La catástrofe en que se ha convertido Venezuela no es responsabilidad exclusiva de Nicolás Maduro, el talentoso chofer de bus que llegó al Palacio de Miraflores aupado no sólo por la unción de Hugo Chávez, sino también por gracia de sus padrinos cubanos. Tampoco tiene su origen en el fin de la más reciente bonanza petrolera, sino que se remonta a la Venezuela Saudita de los años 70: la que alumbró un Estado rentista, inhibió el desarrollo empresarial, y dio pábulo a una extendida cultura parasitaria de subsidios y prebendas. Ni se explica sólo como consecuencia de la deriva autoritaria del régimen, pues el fin de la República no se habría producido sin el suicidio de la clase política -mezcla de incompetencia y corrupción-, y tampoco sin la connivencia de distintos sectores de la sociedad, movidos por la frustración y la emoción, y presas de una pasmosa ingenuidad.
El castrismo siempre le tuvo ganas a Venezuela. No en vano, la eligió como punta de lanza de su estrategia para penetrar América Latina mediante la promoción y el financiamiento de grupos subversivos, como las Fuerzas Armadas de Liberación Nacional. El compromiso con la democracia de figuras como Rómulo Betancourt salvó la suerte de Venezuela, y en su caso, además, prohijó una doctrina precursora de lo que hoy son las “cláusulas democráticas” que con frecuencia se incorporan al acervo de las organizaciones internacionales -aunque con menos frecuencia se apliquen eficazmente-. Sobreviviente de sí misma, la Revolución Cubana encontró en Chávez y el socialismo del siglo XXI la compensación de sus esfuerzos fallidos, y se sirvió de Venezuela para obtener oxígeno tanto para su lastrada economía como para su anquilosado discurso.
El petróleo ha sido destino y maldición de Venezuela. Acaso sin él, ni la clase política ni la dirigencia económica hubieran optado por la indolencia y la molicie, arrullados por los millones de barriles que guardan sus reservas. Sin él, la sociedad venezolana no se hubiera acostumbrado a una cómoda abulia, al goce irresponsable de una barata abundancia de la que, sin embargo, no pocos sectores estuvieron excluidos. Y acaso sin el petróleo no se hubieran creado las bases de esa ominosa dependencia clientelar que existe entre el Estado y la sociedad, y de la cual las misiones chavistas no son más que la hipertrofia.

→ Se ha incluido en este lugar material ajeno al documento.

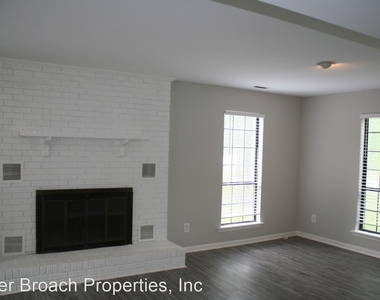 11619 Park Road - Photo Thumbnail 1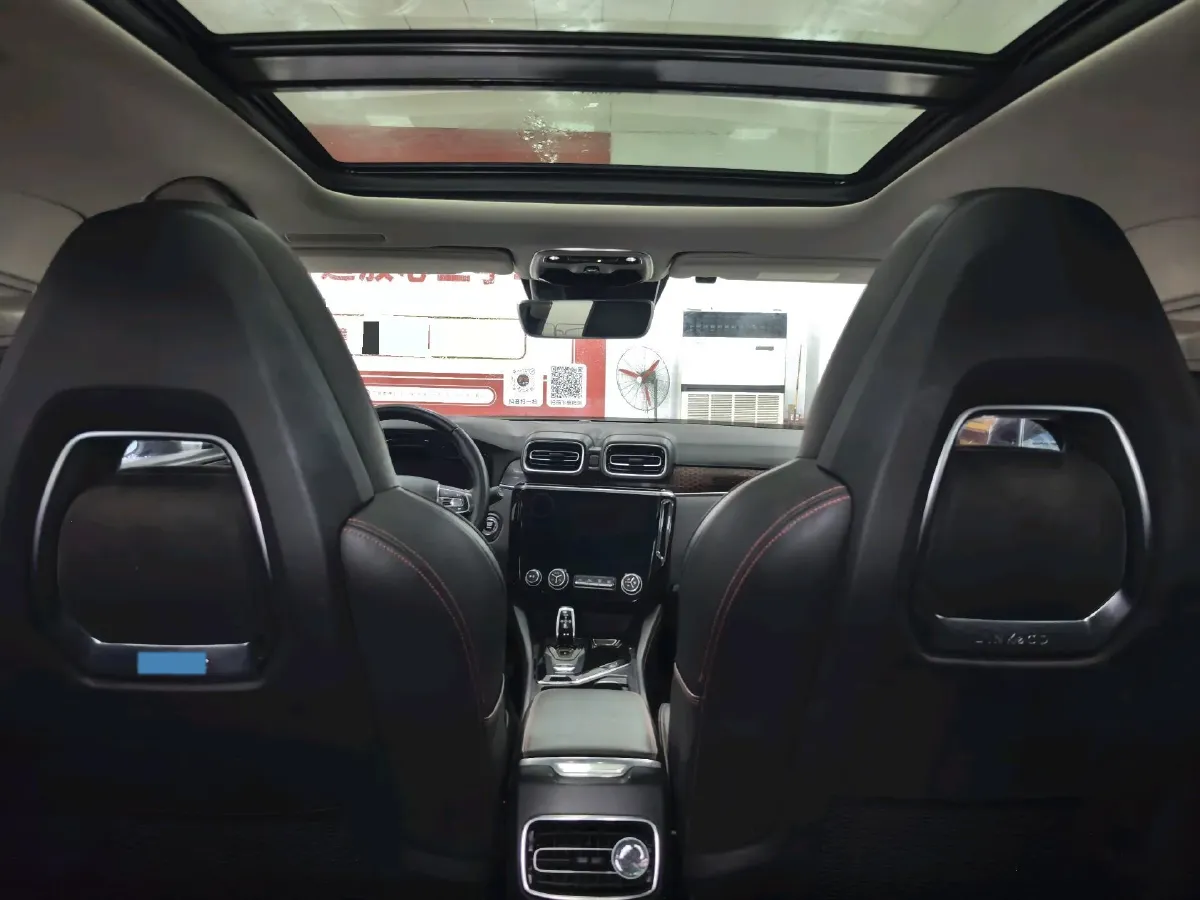 2018 Toyota C-HR 2.0L 171HP L4 CVT,autocango,china used car exporter,china ev exporter,chinese used car exporter,chinese used ev exporter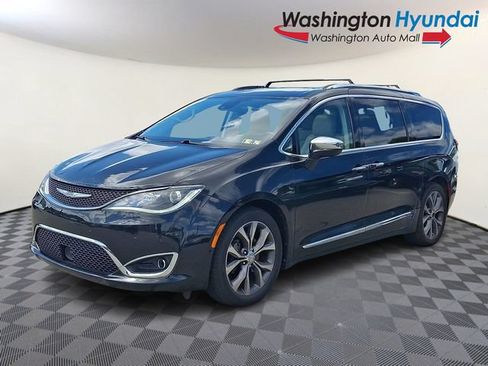 Used 2017 Chrysler Pacifica Limited FWD image 3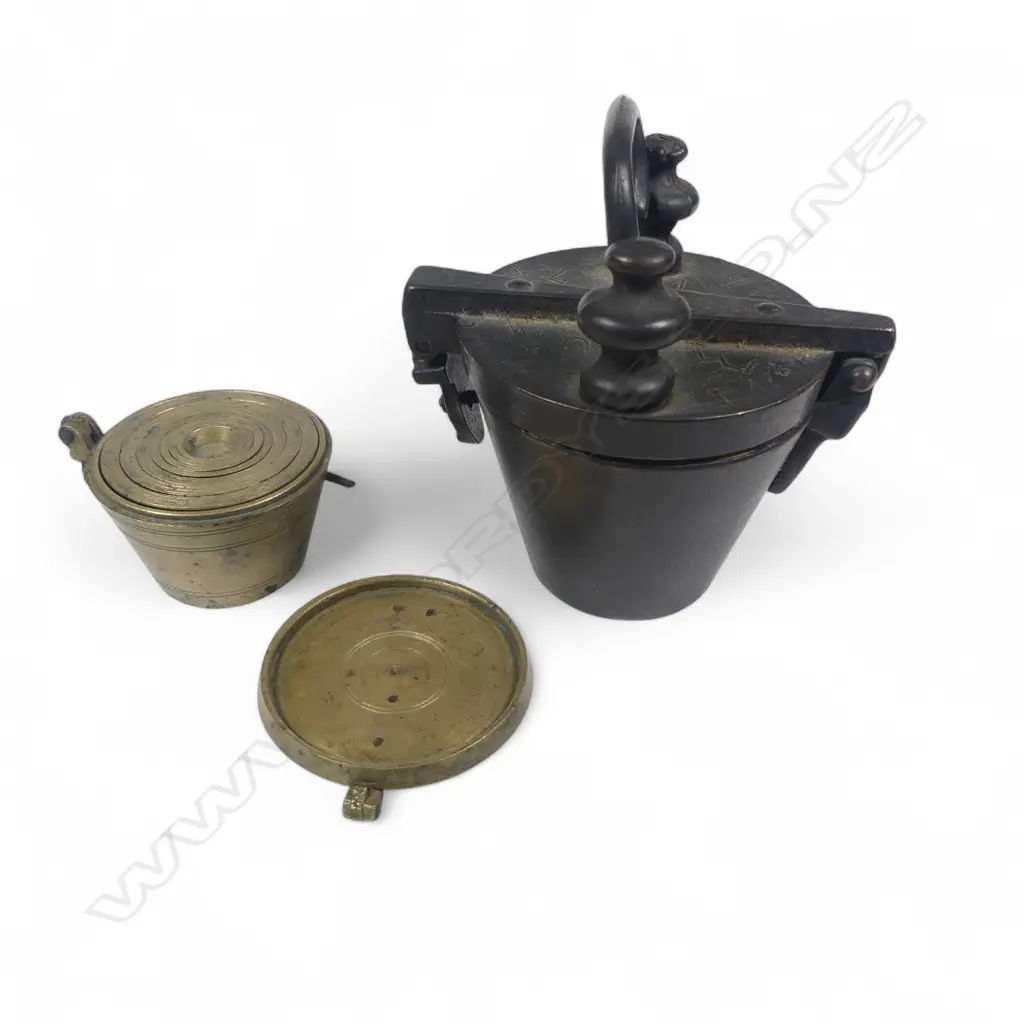 An old set of nesting cup weights from approx ¼oz to 10oz, possibly Nuremberg late 18thC, and another set 19thC brass, Image 1++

La clase política, la élite histórica de adecos y copeyanos, pudo haber salvaguardado la democracia en Punto Fijo. Pero a la postre, dejó que Punto Fijo degenerara en mero inmovilismo. Incapaz de oír las voces que reclamaban ser tenidas en cuenta, las dejó al alcance del primer oportunista que supo quitarles la sordina, y que compuso con ellas una sinfonía de reivindicaciones y reproches que luego tuvo cómo convertir en plegarias atendidas. Cierta propensión al suicidio y al canibalismo son hoy herencia triste que pesa sobre la oposición democrática, algún sector de la cual sigue tan obsesionado con la salida de Maduro, que no se ha dado tiempo para pensar el día siguiente.
También hay otros responsables, menos visibles y evidentes. Los intelectuales y pseudo intelectuales que aún hoy prestan sus servicios al régimen -algunos a cambio de jugosas remuneraciones-: los Chomsky, los Boaventura de Sousa, los Stone, los Penn, y otros más anodinos, como los podemistas, Pablo Iglesias y Juan Carlos Monedero. Cierta izquierda titubeante, incapaz de llamar las cosas por su nombre, y dispuesta a transigir su compromiso con la democracia por las falsas promesas del chavismo. Ciertos líderes políticos, que desde la lejanía admiran lo que no conocen y excusan lo que no sufren: desde el inglés James Corbyn hasta el reverendo Jesse Jackson, y el desubicado Rodríguez Zapatero.
Pero entre todos, especialmente el señor Samper Pizano, cuyo verdadero talante político acaba de ser abiertamente desvelado, y de quien la historia dará cuenta algún día como cómplice de la dolorosa convulsión que se ha llevado por delante las instituciones, la economía y la esperanza de progreso de los venezolanos.